Entre os admiradores da encenação estão os próprios artistas participantes, que trabalharam na sua montagem em palco durante seis semanas — um período invulgarmente longo que permitiu tirar partido das potencialidades cénicas tanto do coro como dos solistas. A cantora a quem coube desempenhar o papel principal de Alceste, Ana Quintans, está a adorar a experiência. “Inicialmente hesitei muito em aceitar o papel, tinha alguns preconceitos, baseados na audição de gravações antigas ou mesmo em opiniões de colegas. É um papel brutalmente exigente e cansativo, com sete árias, um dueto, um terceto e números de conjunto. Nunca tinha feito um papel tão grande, mas o Graham Vick acabou por me convencer e estou muito, muito feliz por ter aceitado”, diz.
“É um luxo trabalhar com esta equipa, dou-me lindamente com o Leonardo [o tenor Leonardo Cortellazzi, no papel de Admeto]. É tudo muito difícil, mas o maestro é muito experiente e consegue lidar com as dificuldades, com as constantes mudanças de andamento, e em sintonia com o encenador.” Graeme Jenkins, como director musical, confia em Graham Vick "porque se preparou para ser maestro. Sabe o que quer ouvir musicalmente e é muito exigente. Embora trabalhe muito sobre o texto, já o trabalha com intenção musical.”

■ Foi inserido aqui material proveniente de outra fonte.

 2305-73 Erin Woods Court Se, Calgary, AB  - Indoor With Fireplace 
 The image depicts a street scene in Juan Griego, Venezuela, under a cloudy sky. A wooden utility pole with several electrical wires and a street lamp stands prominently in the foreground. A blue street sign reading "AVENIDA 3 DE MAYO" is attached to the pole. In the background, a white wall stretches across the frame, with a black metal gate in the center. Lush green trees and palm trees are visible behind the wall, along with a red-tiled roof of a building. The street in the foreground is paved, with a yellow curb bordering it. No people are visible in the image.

“Eu já sabia que era um trabalho minucioso a partir do texto, e é assim que gosto de trabalhar. É preciso desbravar [o terreno], mesmo que se dêem muitas voltas para se chegar à verdade das emoções”, prossegue a cantora. Ainda assim há muitos problemas a vencer: “O canto obriga a uma disciplina, um rigor, que é difícil conciliar com a procura da intensidade [emocional].” Nos ensaios, enquanto se procura essa verdade, “é preciso criar alguma distância”. Há as incógnitas do posicionamento acústico, ou da contorção corporal: “Vamos experimentando.” E também é muito árduo cantar um tom acima do diapasão francês usado no tempo de Gluck: “Torna-se difícil gerir a tensão, dificulta a dicção, torna tudo mais complicado.” No entanto, Ana Quintans está muito satisfeita com este papel: “Não é todos os dias que se tem uma oportunidade como esta, que também me ajuda a perceber até onde posso ir vocalmente. Sinto agora que posso fazer mais repertório clássico, para além do barroco que faço habitualmente.”
Berlioz, grande admirador de Alceste, opinou em 1861 que “nas obras de Gluck requer-se, para além de absoluta fidelidade – no canto, no ritmo, nas inflexões, em tudo –, um estilo no fraseado, prestar atenção às subtilezas e à clareza da dicção. Sem estes requisitos, a divina flor da expressão que torna estas obras tão comoventes perde a sua cor e perfume (...) Na sua época, os coros não representavam (...). Foi Gluck quem tentou insuflar-lhes vida, mostrando-lhes que gestos e movimentos deveriam fazer”.
A presente produção, a avaliar pelo ensaio geral a que assistimos, tem tudo isso — rigor, estilo a condizer, boa dicção; emoção, muito movimento coral, dança, encenação musicalmente consciente. São três horas de plácido reencontro com um enorme leque de sentimentos. Parafraseando o padre Arnauld, citado por Berlioz, pode dizer-se que este Alceste caiu na terra em São Carlos, sim — mas vindo do céu.